Modusnya: memanfaatkan posisi sebagai penyidik Subdit 3 Tipikor Ditkrimsus Polda Sumut dalam penyelidikan dugaan korupsi Dana Alokasi Khusus (DAK) senilai Rp 176 miliar untuk SMK dan SMA. Periode pemerasan disebut berlangsung antara Mei hingga November 2024, saat Ramli masih aktif.
“Para tersangka memanggil kepala sekolah, lalu meminta imbalan agar tidak ditindak. Ini bukan penyelidikan, ini pemerasan,” tegas Irjen Cahyono Wibowo, Kepala Kortastipidkor, di Mabes Polri.
Polri pun langsung mengambil tindakan: Ramli dipecat dari kedinasan. Barang bukti berupa uang Rp 400 juta disita dari dua tersangka.
Bantahan dan Gugatan Balik
Ramli membantah seluruh isi Berita Acara Pemeriksaan. Ia mengklaim tak pernah diinterogasi secara layak. Pemeriksaan hanya berlangsung singkat dengan tiga hingga empat pertanyaan, dalam kondisi tubuh sakit dan mental yang tertekan.
“Kondisi itu tidak layak dijadikan dasar hukum menetapkan seseorang sebagai tersangka,” tegas Irwansyah.
Lebih lanjut, SPDP yang seharusnya dikirim kepada pihak terkait dalam tujuh hari sejak penyidikan dimulai, disebut tidak pernah diterima Ramli hingga kini. Hal itu, menurut tim hukum, merupakan pelanggaran prosedural berat yang seharusnya menggugurkan status tersangka.
Dugaan Penyalahgunaan Wewenang
Irwansyah menilai penyidik menyalahgunakan hasil BAP dari Propam untuk melanjutkan proses pidana di Kortastipidkor. Padahal menurutnya, ranah etik dan pidana memiliki garis batas yang tidak bisa dicampuradukkan seenaknya.
“Klien kami bukan ditangkap lewat OTT, tidak ada saksi kunci, tidak ada bukti konkret selain pengakuan. Maka dari itu, biarkan hakim yang menguji alat bukti tersebut,” ucapnya.
Aroma Skandal yang Lebih Besar
Misteri belum selesai. Kortastipidkor mengisyaratkan bahwa penyelidikan masih bergulir dan membuka kemungkinan keterlibatan pihak lain, termasuk pihak swasta. Di sisi lain, KPK disebut sedang mendalami perkara utama terkait korupsi DAK dengan konstruksi Pasal 2 dan 3 UU Tipikor mengenai kerugian negara.

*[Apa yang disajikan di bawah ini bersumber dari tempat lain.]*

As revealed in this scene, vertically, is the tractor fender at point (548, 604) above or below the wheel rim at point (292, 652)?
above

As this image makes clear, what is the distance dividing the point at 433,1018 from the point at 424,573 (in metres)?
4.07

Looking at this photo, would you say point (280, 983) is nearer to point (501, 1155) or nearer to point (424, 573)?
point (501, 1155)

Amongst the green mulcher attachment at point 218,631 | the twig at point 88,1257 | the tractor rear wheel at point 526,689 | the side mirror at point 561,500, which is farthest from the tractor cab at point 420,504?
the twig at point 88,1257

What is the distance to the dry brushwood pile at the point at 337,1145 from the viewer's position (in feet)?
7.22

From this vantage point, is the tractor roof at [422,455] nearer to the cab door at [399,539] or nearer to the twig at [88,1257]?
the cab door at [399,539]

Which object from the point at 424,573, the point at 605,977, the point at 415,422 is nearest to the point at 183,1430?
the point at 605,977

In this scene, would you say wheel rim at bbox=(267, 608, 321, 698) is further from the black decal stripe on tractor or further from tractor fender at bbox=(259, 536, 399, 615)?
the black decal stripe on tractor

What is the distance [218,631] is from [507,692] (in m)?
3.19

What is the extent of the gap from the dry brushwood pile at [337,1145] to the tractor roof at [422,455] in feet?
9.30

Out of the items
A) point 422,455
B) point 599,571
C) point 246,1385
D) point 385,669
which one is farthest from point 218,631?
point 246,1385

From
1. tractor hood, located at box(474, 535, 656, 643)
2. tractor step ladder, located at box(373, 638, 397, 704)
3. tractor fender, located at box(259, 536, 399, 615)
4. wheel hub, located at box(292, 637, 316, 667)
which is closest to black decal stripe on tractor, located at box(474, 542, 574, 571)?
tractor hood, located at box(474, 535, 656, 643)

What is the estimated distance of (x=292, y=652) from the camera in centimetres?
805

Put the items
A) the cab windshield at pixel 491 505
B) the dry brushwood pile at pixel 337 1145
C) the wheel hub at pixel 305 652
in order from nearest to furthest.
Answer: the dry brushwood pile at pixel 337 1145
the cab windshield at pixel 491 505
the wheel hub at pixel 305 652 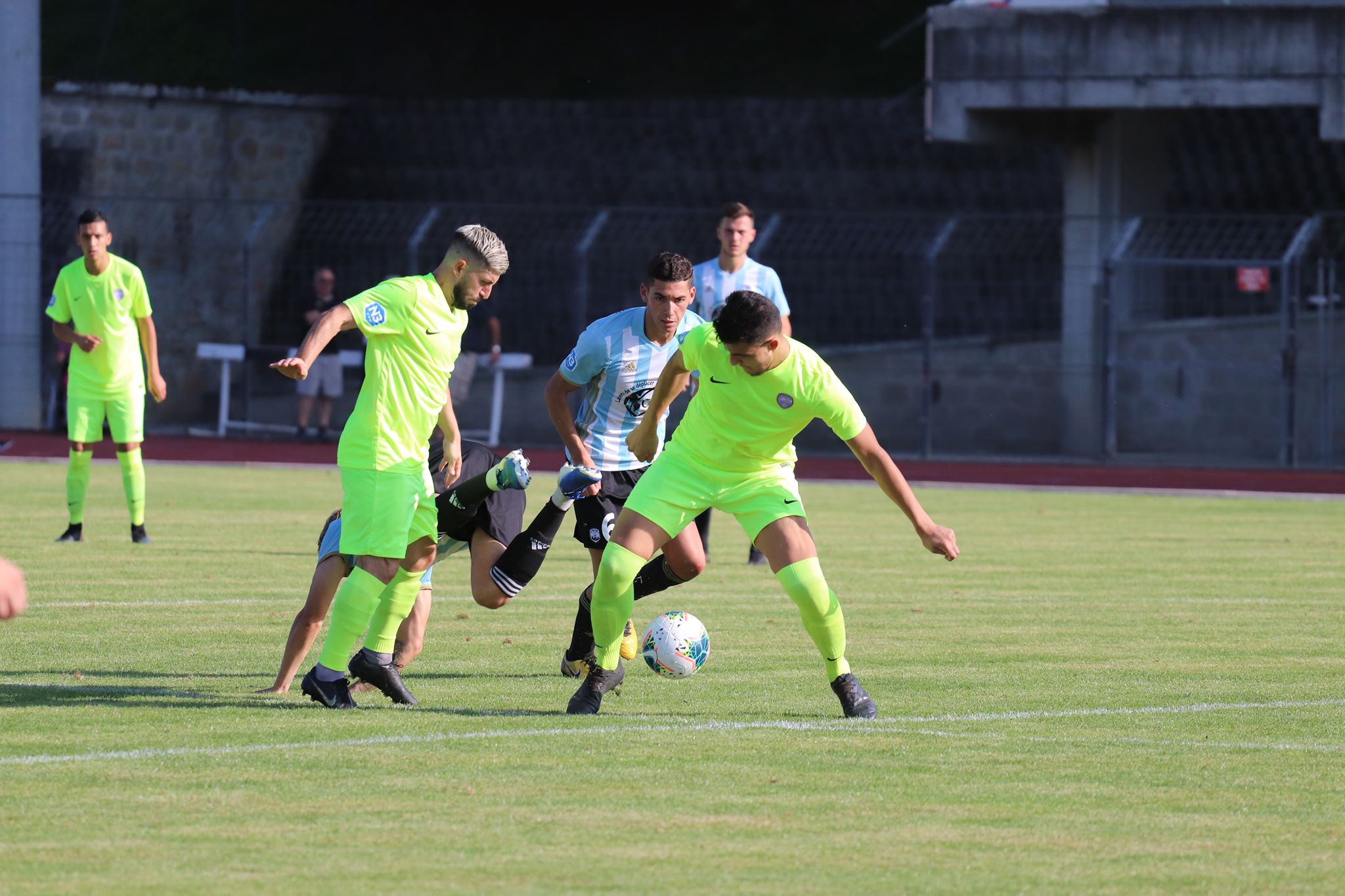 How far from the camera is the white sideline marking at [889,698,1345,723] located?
25.7ft

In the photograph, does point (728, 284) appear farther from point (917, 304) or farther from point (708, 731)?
point (917, 304)

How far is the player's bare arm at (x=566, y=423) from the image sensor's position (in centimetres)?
902

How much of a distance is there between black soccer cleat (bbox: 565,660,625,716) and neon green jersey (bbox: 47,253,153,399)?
23.7 feet

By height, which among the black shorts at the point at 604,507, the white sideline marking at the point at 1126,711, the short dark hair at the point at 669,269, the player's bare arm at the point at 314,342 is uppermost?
the short dark hair at the point at 669,269

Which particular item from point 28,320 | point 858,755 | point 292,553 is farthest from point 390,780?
point 28,320

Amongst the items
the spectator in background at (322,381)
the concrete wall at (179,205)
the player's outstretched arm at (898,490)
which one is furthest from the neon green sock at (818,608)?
the concrete wall at (179,205)

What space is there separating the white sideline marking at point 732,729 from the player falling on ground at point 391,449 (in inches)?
25.7

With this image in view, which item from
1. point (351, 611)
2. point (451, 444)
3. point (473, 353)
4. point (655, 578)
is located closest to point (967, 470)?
point (473, 353)

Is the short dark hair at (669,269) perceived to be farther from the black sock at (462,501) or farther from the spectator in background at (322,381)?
the spectator in background at (322,381)

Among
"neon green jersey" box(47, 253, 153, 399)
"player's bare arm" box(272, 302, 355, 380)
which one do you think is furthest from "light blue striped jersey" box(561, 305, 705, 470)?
"neon green jersey" box(47, 253, 153, 399)

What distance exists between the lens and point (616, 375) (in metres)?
9.22

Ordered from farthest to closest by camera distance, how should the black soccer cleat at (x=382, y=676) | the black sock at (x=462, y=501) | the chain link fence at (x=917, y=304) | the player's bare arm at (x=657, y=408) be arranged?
the chain link fence at (x=917, y=304)
the black sock at (x=462, y=501)
the player's bare arm at (x=657, y=408)
the black soccer cleat at (x=382, y=676)

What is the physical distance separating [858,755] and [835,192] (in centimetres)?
2509

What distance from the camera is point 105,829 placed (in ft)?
18.9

“Yang kami tangani adalah pemerasan dalam proses penanganan kasus DAK. KPK menangani kerugian negaranya,” kata Cahyono.
Kini, masyarakat menanti dengan tegang bagaimana hakim tunggal Phillip Mark Soentpiet akan memutus perkara yang penuh intrik ini. Apakah Ramli Sembiring akan lepas dari jerat hukum, atau justru menjadi simbol baru dari bersinarnya lentera keadilan?